_YOUR ASSIGNMENT:_ Exactly how many lines in this listing contain "show"? Only the number is needed.

━━━━━━━━

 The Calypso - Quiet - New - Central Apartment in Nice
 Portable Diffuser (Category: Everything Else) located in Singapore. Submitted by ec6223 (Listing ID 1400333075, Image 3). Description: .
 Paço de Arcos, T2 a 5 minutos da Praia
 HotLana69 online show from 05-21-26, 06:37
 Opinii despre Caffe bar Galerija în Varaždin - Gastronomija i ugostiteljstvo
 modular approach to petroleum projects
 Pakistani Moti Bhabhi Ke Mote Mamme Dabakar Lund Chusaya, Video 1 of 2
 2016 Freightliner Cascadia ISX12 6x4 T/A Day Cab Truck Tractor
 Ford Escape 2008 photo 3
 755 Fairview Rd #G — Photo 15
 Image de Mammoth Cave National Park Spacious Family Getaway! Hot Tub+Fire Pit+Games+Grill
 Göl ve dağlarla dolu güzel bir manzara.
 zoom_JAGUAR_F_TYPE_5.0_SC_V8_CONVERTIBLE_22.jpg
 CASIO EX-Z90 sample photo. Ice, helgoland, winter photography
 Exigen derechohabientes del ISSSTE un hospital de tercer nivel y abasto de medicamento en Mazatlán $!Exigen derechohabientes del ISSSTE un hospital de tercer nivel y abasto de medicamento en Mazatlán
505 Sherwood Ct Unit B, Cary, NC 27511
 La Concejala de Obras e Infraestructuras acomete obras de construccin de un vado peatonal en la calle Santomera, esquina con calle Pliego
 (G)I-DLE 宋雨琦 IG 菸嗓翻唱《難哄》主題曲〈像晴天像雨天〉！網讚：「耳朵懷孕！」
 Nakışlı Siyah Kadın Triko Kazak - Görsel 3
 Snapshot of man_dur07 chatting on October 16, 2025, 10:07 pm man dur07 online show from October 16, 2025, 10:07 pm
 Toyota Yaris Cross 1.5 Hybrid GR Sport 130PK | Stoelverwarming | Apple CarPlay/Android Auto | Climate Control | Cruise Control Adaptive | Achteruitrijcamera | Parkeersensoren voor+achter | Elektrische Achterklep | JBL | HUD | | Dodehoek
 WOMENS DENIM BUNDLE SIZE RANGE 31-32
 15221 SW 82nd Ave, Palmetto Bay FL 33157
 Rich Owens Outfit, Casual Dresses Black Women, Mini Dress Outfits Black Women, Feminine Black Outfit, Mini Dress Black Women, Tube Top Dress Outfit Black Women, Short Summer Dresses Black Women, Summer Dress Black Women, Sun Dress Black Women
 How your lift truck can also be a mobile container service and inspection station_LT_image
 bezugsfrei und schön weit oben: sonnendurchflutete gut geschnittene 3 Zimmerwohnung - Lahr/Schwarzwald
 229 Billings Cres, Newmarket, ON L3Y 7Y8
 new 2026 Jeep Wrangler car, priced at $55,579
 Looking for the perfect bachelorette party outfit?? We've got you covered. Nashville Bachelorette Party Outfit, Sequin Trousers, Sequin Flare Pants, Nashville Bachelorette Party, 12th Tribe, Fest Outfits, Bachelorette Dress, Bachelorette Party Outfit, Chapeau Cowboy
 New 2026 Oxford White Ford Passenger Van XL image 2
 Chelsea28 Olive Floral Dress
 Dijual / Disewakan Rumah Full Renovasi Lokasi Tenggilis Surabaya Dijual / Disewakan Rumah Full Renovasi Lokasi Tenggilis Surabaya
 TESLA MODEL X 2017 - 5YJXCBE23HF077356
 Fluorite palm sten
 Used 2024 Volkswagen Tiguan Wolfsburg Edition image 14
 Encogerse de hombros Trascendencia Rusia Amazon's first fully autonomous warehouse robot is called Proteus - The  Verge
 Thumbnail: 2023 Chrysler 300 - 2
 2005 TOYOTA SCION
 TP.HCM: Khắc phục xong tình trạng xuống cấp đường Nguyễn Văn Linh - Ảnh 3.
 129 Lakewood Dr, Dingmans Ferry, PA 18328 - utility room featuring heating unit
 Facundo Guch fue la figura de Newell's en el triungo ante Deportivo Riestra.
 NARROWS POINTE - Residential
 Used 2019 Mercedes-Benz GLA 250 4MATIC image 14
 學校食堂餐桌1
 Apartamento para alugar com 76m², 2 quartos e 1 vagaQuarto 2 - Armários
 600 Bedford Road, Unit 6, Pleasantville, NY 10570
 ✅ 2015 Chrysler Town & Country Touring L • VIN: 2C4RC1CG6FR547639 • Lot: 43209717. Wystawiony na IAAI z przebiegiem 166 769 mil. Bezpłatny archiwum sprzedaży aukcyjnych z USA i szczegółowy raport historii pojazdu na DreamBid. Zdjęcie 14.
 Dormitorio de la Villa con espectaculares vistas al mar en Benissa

━━━━━━━━

_SOLUTION TO THIS PROBLEM:_ 2